A baker “four careers ago,” Schultz had been doing her own baking for years, experimenting and developing recipes. When she realized what a demand there was for safe, delicious baked goods in the food intolerant and allergen market, along with the luxury of choosing freely from a menu, she set about developing and honing recipes for breads, buns, cakes and other treats in order to fill that niche.

She says her “classic sandwich bread” took two years to develop and entailed a challenging process: “I baked 20 loaves before I even had a glimmer of hope.”

In October 2012, she left the corporate world of labour relations to become an entrepreneur and opened a storefront location near her home in White Rock, B.C., a suburb of metro Vancouver where the multi-allergy clientele was underserved.
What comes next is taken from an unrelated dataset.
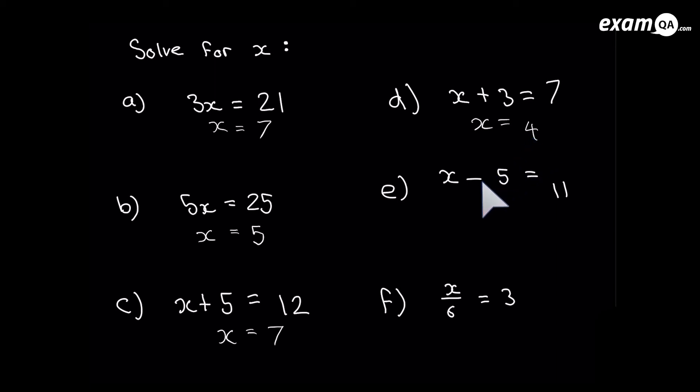This time it's a little bit different — there's a minus 5 and we don't want it there, we just want x on its own. The opposite of minus 5 is plus 5, so if we add 5 to the left hand side the minus 5 goes away. We also do the same to the right hand side: 11 plus 5 is 16. So x equals 16.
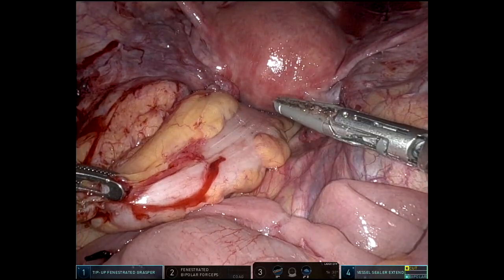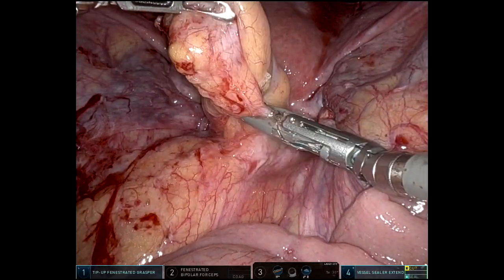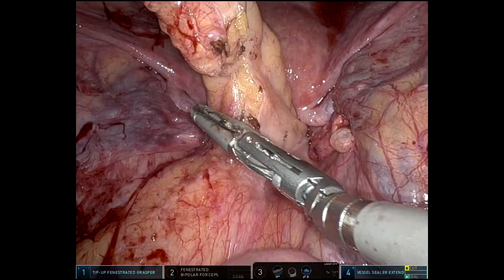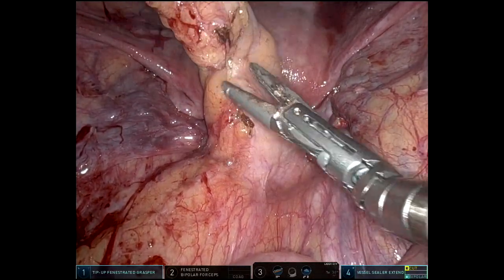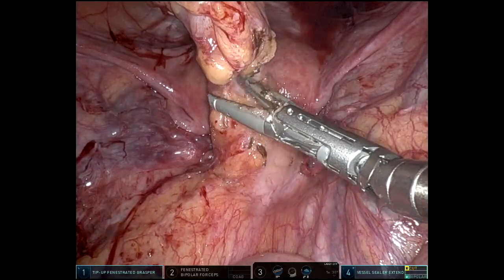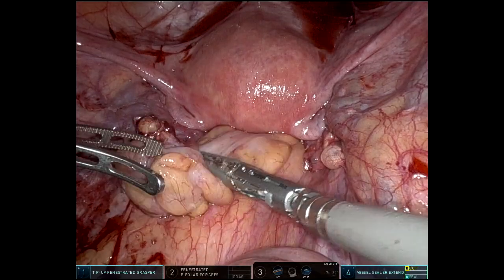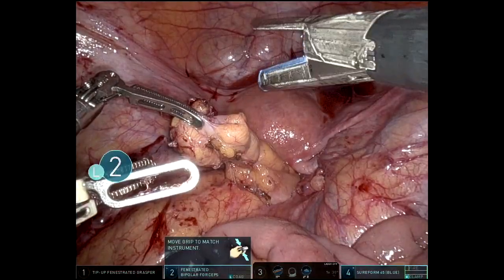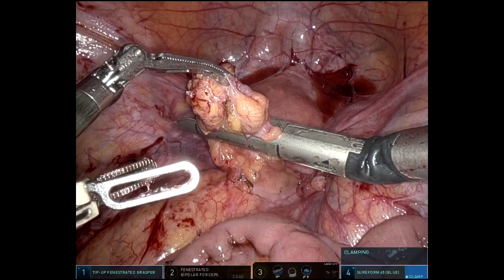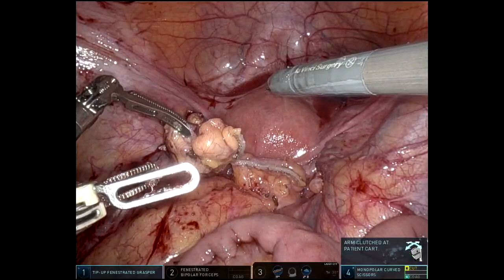Now you're going to get a look at her rectal stump. There was a bit of sigmoid colon left on this — it was so nice and mobile, which made the additional sigmoid resection very easy. I find you always have to take off some of the top of the rectal stump because of how scarred it gets. It's just not compliant enough to easily pass the stapler up there, or even if you're doing a hand-sewn anastomosis. Probably everybody takes off a little additional rectal stump here — and that was nice and easy.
She started the business as a bakery and lunch counter offering nut-, gluten- and dairy-free products, and then added soy- and egg-free products. The popular lunch spot has since given way to a straight bakery, where the demand for product and demands on her time have made it necessary to focus on developing and making products.

Although not formally trained in business, she says she is comfortable in this new venture.

“I feel like this is what I was always meant to do,” she says.

Pikanik’s four staff members include Schultz, two bakers and a full-time manager of customer service. Schultz does most of the business administration herself, with help from her husband, Patrick Gibson, who is co-founder of a software development company and an amateur photographer.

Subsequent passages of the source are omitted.